I’m so scared of coming off immature that I am afraid to be myself. At least I think that’s what’s eating me. I have this engrained idea of how I am supposed to be conducting myself, when there’s nothing really pressuring that. I feel so frustrated that I still feel helpless reading/responding to social convention.
How do I not take things so literally? Is it blind trust, or naïve understanding? It’s maddening, because for as often as I use sarcasm, I swear I can’t read it. It makes me feel for the people who interact with me, who do have to remind me that they’re only kidding, or they were being facetious. Or they don’t realize I’m continuing on with the sarcasm, and I’m just too dead–pan in response to it.
I really was going to rant about how I’m clearly a grown man, competent, and versed in a whole slew of things that should do anything but portray me as immature. But how the heck is a list of competencies, skills, and complex understandings going to truly convey that? It’s just a reference list of what I’ve learned. It doesn’t illustrate maturity.
Maybe I’ll return to this once I have an answer. It’s just tearing at my mind; I feel torn at this juncture in my life that I’m supposed to be disconnecting myself from the naïve & immature aspects of my graduate career, and transition entirely into a professional career with the postdoc. Well, sure, in my work life.

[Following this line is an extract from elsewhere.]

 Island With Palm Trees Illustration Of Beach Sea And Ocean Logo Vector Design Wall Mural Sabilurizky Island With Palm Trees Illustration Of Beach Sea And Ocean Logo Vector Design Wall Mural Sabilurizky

Maybe that’s my problem: I’m having an issue separating work & personal life right now. Because one does fairly dominate the other, some of it inadvertently while the rest is clearly deliberately. I’m trying to compensate for something. Not just a lack of a personal life right now. The question is: what?

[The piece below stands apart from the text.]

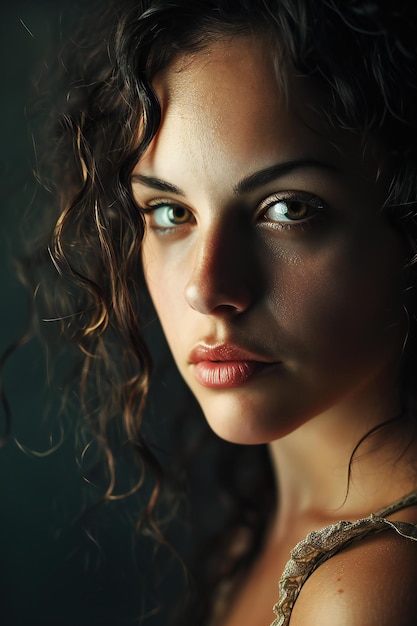 Portrait of a beautiful young woman with curly hair and green eyes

Let me pray that either I figure that out quickly, or that sleep overtakes me if this rant wasn’t sufficient to evacuate the hyperactive mind right now. This really is the problem with living alone & not having anyone to conveniently call: you can’t get a way to air this mental laundry.
Hopefully the rain goes easy tomorrow; I’m going to need a long walk to clear my head, and I’ll have plenty of time to do so while a vat of sauce & meatballs cooks.